I’ve always been a supporter of Feminism, even if I haven’t been vocal and declaring myself an out of the closet feminist. I think of the glass ceiling of not just women in art, but women everywhere. I regularly see the hashtag for Yes All Women in my twitter time line. I read blogs by strong, feminist women and men. Emma Watson spoke on Feminism in a relatable way and even inspired at 15 year old boy.

It’s easy to say that this all doesn’t affect me. When reality it does. It dawned on me, that I feel safest walking to and from work, in the dark wearing enough layers to make my gender undeterminable. Nothing about this situation is right.

In the summer, when I was walking to work for a 7am start with the sun rising behind me, shorts and t-shirt, men staring with beady bleary eyes through their windscreens at me, while I crossed the road, while they idled in traffic, and the whole thing made me feel nauseous. The obvious stare at my chest, my legs, I didn’t just feel uncomfortable, I felt disgusted by my body and the aesthetics it has.

Nothing about this situation is right either.

Monday morning I walked to work in the rain and wind, the streetlights flickering, it’s 6:30am and the world is still sleepy. Bundled up in big jacket and bigger boots, no man is staring at me, in fact, the roads seem blissfully empty. My clothing choice dictated by the weather and my transport (or lack of).

It wasn’t until I walked home at 14:30, just after lunch, that I was stared at, made to feel as though I was all of a sudden, public property again.

I’m not alone, yes all women have experiences similar to mine, or sadly, worse.

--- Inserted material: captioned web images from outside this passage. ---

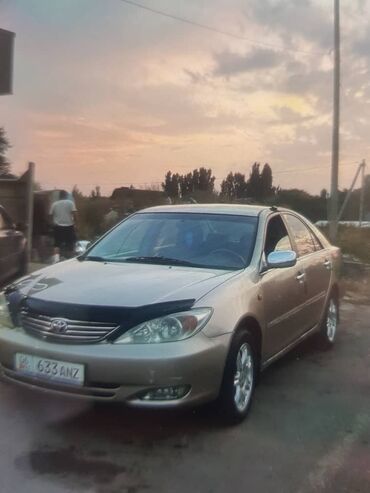 Toyota: Toyota Camry: 2002 г., 3 л, Автомат, Бензин, Седан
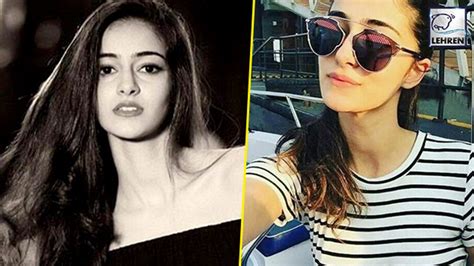 Chunky Pandey S Daughter Ananya S GORGEOUS Unseen Pics Video Dailymotion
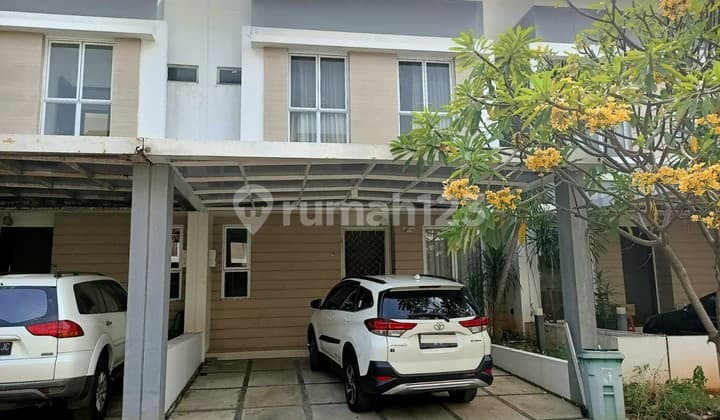 Disewa Rumah Komplek Jgc Cluster Palm Spring Uku 7x20 Ada 4 Kt Rapi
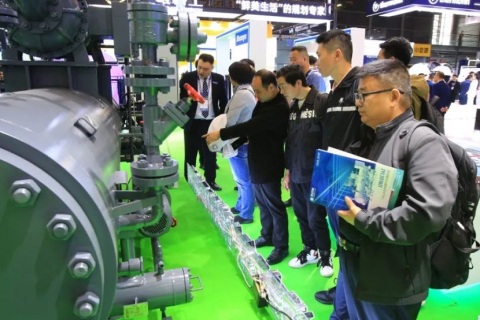 中国(上海)制冷展展会现场图片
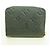 Louis Vuitton Monogram Empreinte Zippy Coin Purse Nero - vista 8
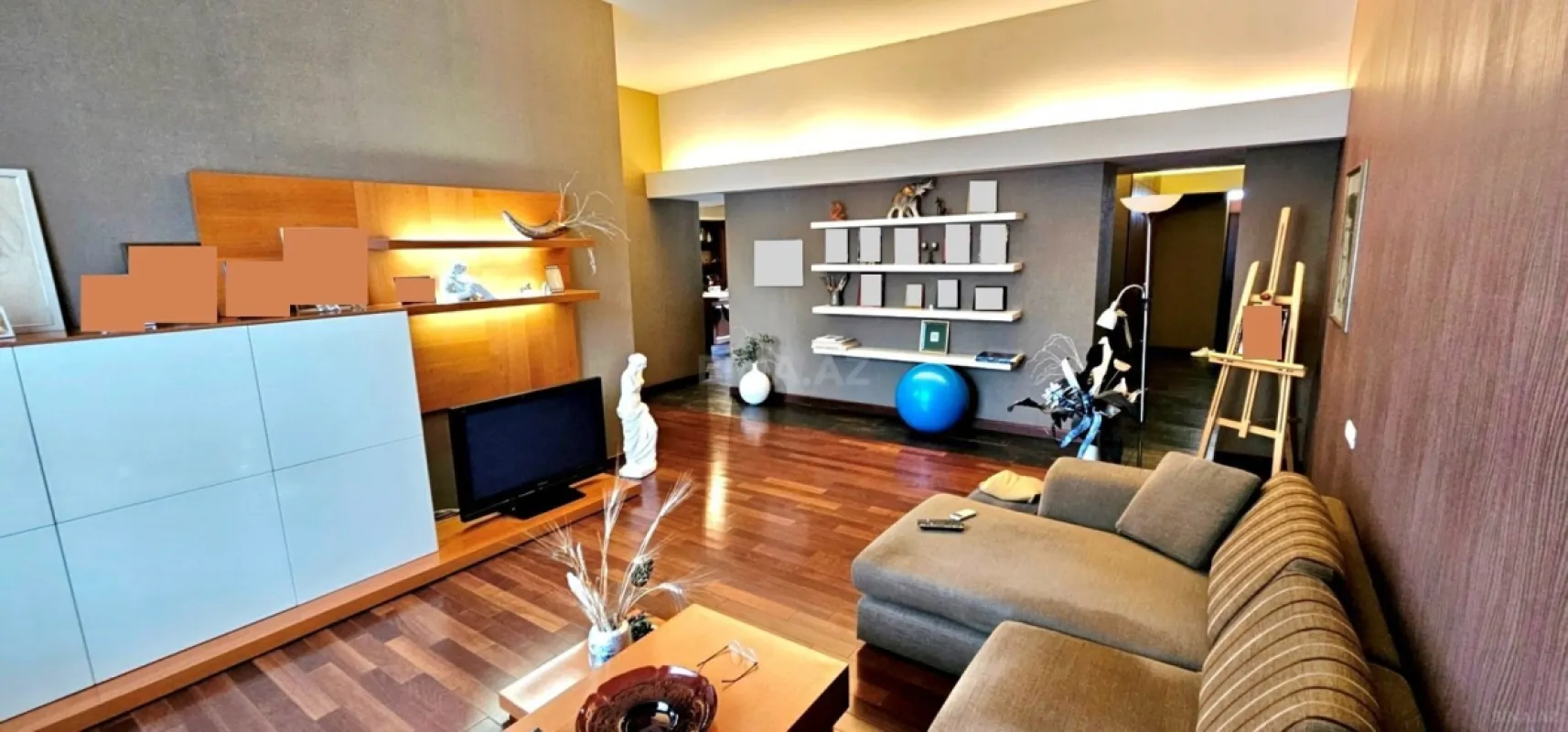 Satılır 2 otaqlı mənzil 115 m²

Harrowing stories of rape and sexual abuse, nothing about this is right. There are women out there fighting for contraception and legal terminations without having to resort to bizarre methods, The Two-Finger Test is still a thing happening.

Women are still slut-shaming other women, and pulling out sentences such as “I’m not like the other girls”, Women are calling each other sluts and whores, to appeal who? Using misogyny isn’t helping anyone¬†especially not women. I don’t want to play that game either.

Photo on 2014-09-28 at 13.10 #2

I can play my own part in promoting equal rights, yes all women (#yesallwomen) and He For She (#heforshe). I can support and advocate for women, children, and men that feel hemmed in and ostracised by societies expectations of not just our gender roles, but our life choices too.

And I can walk to work, with my head held high. I am a woman, and I am equal.